OLOMON MEYER, who collected the rents at Rickett's Court, was looked upon by the tenants as the landlord, though he distinctly disclaimed that honor, explaining that he was only the agent, empowered merely to receive money, never to disburse. According to Mr. Meyer the landlord was a heartless miser, whom he had entreated to make repairs and to lower rents, but who always turned a deaf ear to such appeals. If he, Solomon Meyer, only owned Rickett's Court, there would be no end to the reforms which his tender heart would cause him to institute; as it was, there was no hope for anything of the kind; his orders were explicit—if tenants could not pay, they must leave.

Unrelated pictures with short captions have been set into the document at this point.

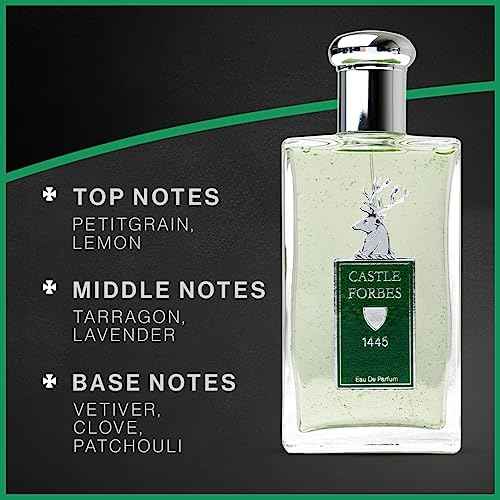 Castle Forbes 1445 Fragrance for Men, 100ml | Light & Timeless Cologne Scent w/Essential Oils | Distinctly British, Paraben-Free, Cruelty-Free, Sophisticated Grooming Essentials
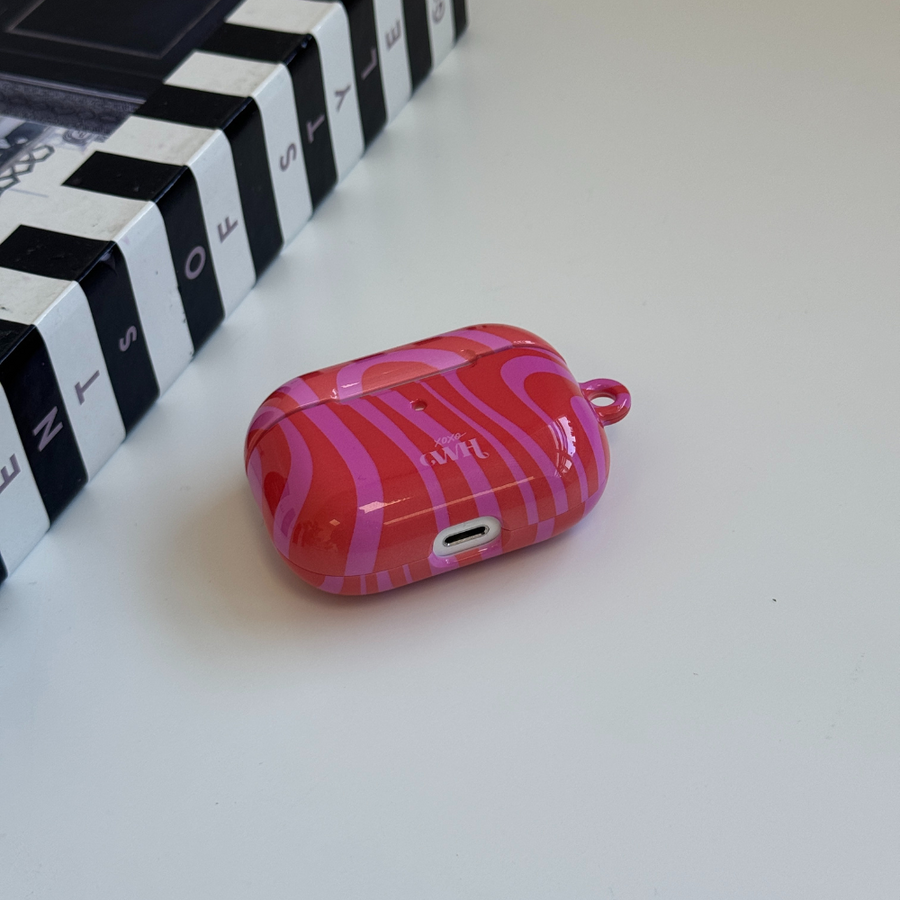 xoxo Wildhearts - AirPods Pro 2 case - Berry Much - Glossy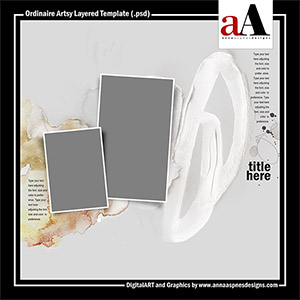 Ordinaire Artsy Layered Template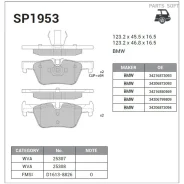 ������� ��������� ������ Sangsin Brake SP1953 SP1953 ����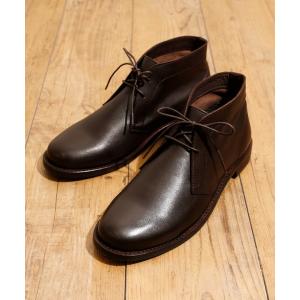 ブーツ BICASH ビカーシ / レースアップレザーチャッカブーツ ヒールブーツ / 115 メンズ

Many of the tenants believed that Mr. Meyer was really the owner of their building, and that the landlord whom he represented as responsible for all their discomfort was purely imaginary, but in this they wronged the agent. Solomon Meyer had no scruples against telling a lie whenever it would serve his purpose, but here the truth did very well. Rickett's Court had a landlord who, although he was not the inhuman wretch which Solomon represented him, still cared nothing for his tenants, and, while the agent had never suggested any reforms or repairs, might well have guessed that they were needed. Adelaide Armstrong would have been shocked beyond expression if she had known that the true landlord of Rickett's Court was no other than her own father. Mr. Armstrong would have been no less shocked if he had known of the abuses for which he was really responsible. He had never seen his own property. It had been represented to him as a profitable investment, and had proved so. He was only in New York for brief intervals each year, and he left the entire management of Rickett's Court to Solomon Meyer, well pleased with the returns which he rendered, and not suspecting that they were less than the sums wrung from the tenants.

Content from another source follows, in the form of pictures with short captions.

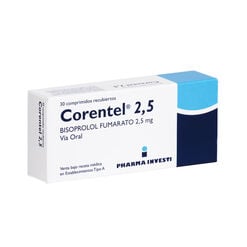 Corentel 2.5 mg x 30 Comprimidos Recubiertos - Megalabs chile s.a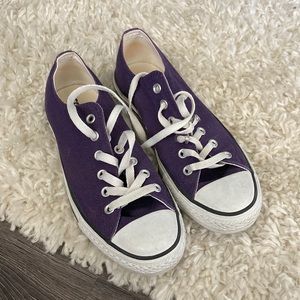 Converse Purple Low Top 9W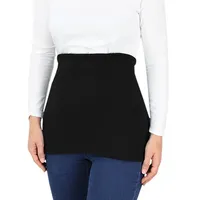 Alkato Damen Elastischer Nierenwärmer Shirtverlängerung Rückenwärmer Einfarbig, Farbe: Schwarz,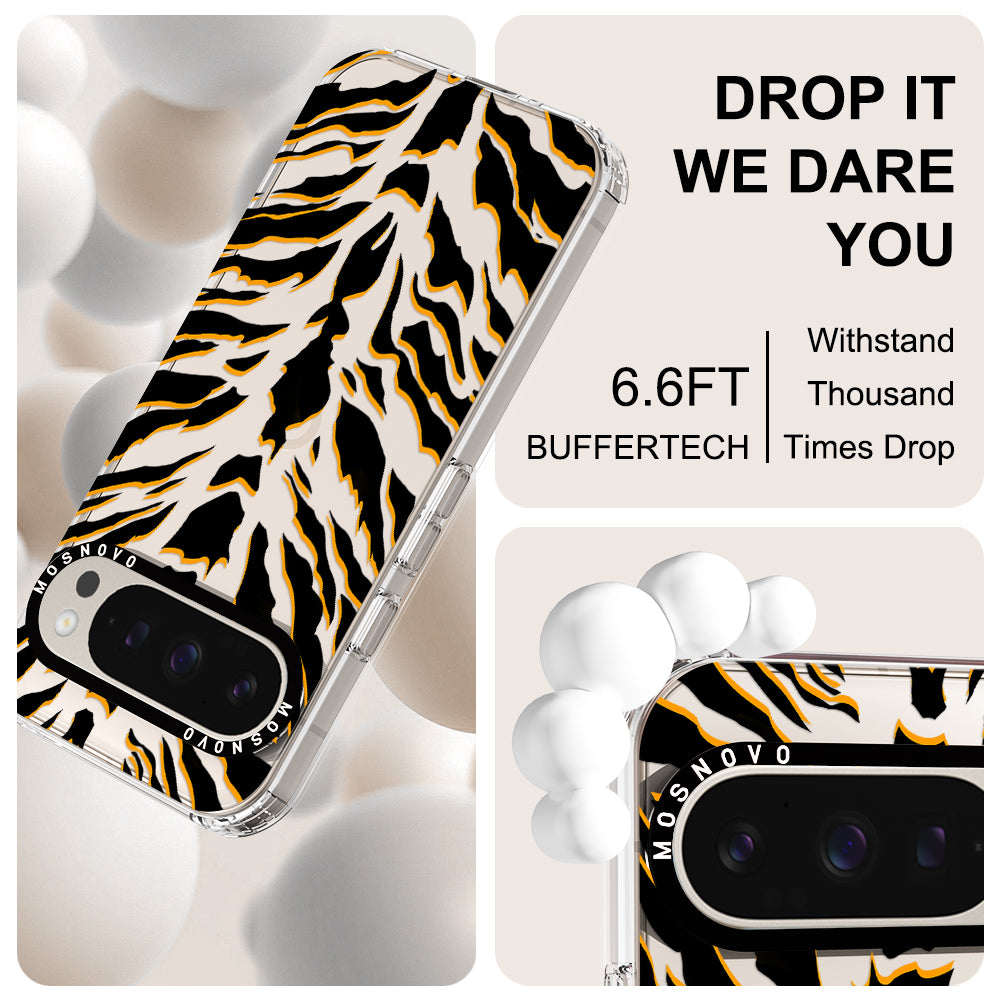 Tiger Print Phone Case - Google Pixel 9 Pro XL Case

He had mentally set aside Rickett's Court as Adelaide's property, and he used its proceeds to defray her expenses. There was a neat little surplus left over each quarter-day, which he placed in the savings bank to her credit, and with which he intended to endow her on her marriage. But of all this Adelaide of course knew nothing. Mr. Armstrong's more important business ventures were in western railroad speculations. These absorbed his attention, and needed the closest application of his faculties. He was glad of this. The East had grown distasteful to him since the loss of his wife and infant son. He felt that he might have been a different man if his wife, whom he tenderly loved, had lived; and Adelaide had never ceased to mourn her mother, whom she could not remember. "What shall I ever do," she frequently asked, "when I finish school? If I only had a mother to be my companion and counselor! but I shall be so lonely, and so unfit to take care of myself!"
The circumstances which I relate in this chapter because they belong here in sequence of time, did not come to my knowledge until long after their occurrence.
Mr. Armstrong came on from the West the evening of our fair. He was weary and much occupied by matters of business, and he did not attend it, much to our regret. He lent a kindly ear to Adelaide's description of it, for he was fond and proud of his beautiful daughter, and he liked to see her a leader in everything.
He manifested apparently little interest, however, in what she had to tell him of Rickett's Court. "There, there, Puss!" he said, lightly, "you must not get fanatical, and rant. I hardly think things are as bad down there as you make them out."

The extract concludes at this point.